About Clearwire's announcement that the Clearwire Board will disclose the Clearwire Board's position on DISH's offer on or about June 12th, which is also the date of the scheduled stockholder vote on the Sprint-SoftBank transaction, Schumacher said:  "Clearwire should remain free and clear until the battle for Sprint is settled. At that time, Clearwire will be able to pursue a competitive process that protects minority stockholders and unlocks the true value of Clearwire for all stockholders, not just Sprint and its suitors.  The Clearwire Board therefore should not make its recommendation in respect of the DISH offer or any competing offers until after the bidding war over Sprint is resolved.  Crest believes that Clearwire is the ultimate prize in the battle between SoftBank Corp. and DISH Network over Sprint.  Waiting for that battle to conclude before approving any new offer for Clearwire would permit SoftBank and DISH to compete directly for Clearwire, which would deliver value to all Clearwire stockholders, not just Sprint."

About Crest Financial Limited
Crest Financial Limited ("Crest") is a limited partnership under the laws of the State of Texas.
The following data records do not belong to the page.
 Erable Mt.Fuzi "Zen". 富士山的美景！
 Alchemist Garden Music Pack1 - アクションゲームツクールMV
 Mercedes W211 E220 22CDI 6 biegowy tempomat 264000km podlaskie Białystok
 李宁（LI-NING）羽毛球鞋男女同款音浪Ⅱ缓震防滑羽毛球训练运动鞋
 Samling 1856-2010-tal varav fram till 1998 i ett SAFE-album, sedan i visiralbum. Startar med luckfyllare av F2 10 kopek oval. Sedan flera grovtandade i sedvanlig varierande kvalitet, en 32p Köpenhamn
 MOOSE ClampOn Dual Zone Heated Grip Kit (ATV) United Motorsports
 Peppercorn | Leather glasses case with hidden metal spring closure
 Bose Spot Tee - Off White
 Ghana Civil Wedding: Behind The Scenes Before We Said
Its principal business is investing in securities.

Important Legal Information
In connection with the proposed merger of Clearwire Corporation ("Clearwire") with Sprint Nextel Corporation (the "Proposed Sprint Merger"), Crest and other persons (the "Participants") have filed a supplement to its definitive proxy statement with the U.S. Securities and Exchange Commission ("SEC"). The definitive proxy statement and the supplement have been mailed to the stockholders of Clearwire.  SECURITYHOLDERS OF CLEARWIRE ARE URGED TO READ THE DEFINITIVE PROXY STATEMENT AND THE SUPPLEMENT, WHICH IS AVAILABLE NOW, AND THE PARTICIPANTS' OTHER PROXY MATERIALS FILED WITH THE SEC WHEN THEY BECOME AVAILABLE, BECAUSE THEY CONTAIN IMPORTANT INFORMATION, INCLUDING ADDITIONAL INFORMATION RELATED TO THE PARTICIPANTS, CLEARWIRE AND THE PROPOSED SPRINT MERGER. The definitive proxy statement, the supplement and all other proxy materials filed with the SEC are available at no charge on the SEC's website at http://www.sec.gov.  In addition, the definitive proxy statement and the supplement are also available at no charge on the website of the Participants' proxy solicitor at http://www.dfking.com/clwr.

Forward-looking Statements
Certain statements contained herein are forward-looking statements including, but not limited to, statements that are predications of or indicate future events, trends, plans or objectives. Undue reliance should not be placed on such statements because, by their nature, they are subject to known and unknown risks and uncertainties. Forward-looking statements are not guarantees of future activities and are subject to many risks and uncertainties.  Due to such risks and uncertainties, actual events may differ materially from those reflected or contemplated in such forward-looking statements.  Forward-looking statements can be identified by the use of the future tense or other forward-looking words such as "believe," "expect," "anticipate," "intend," "plan," "should," "may," "will," believes," "continue," "strategy," "position" or the negative of those terms or other variations of them or by comparable terminology.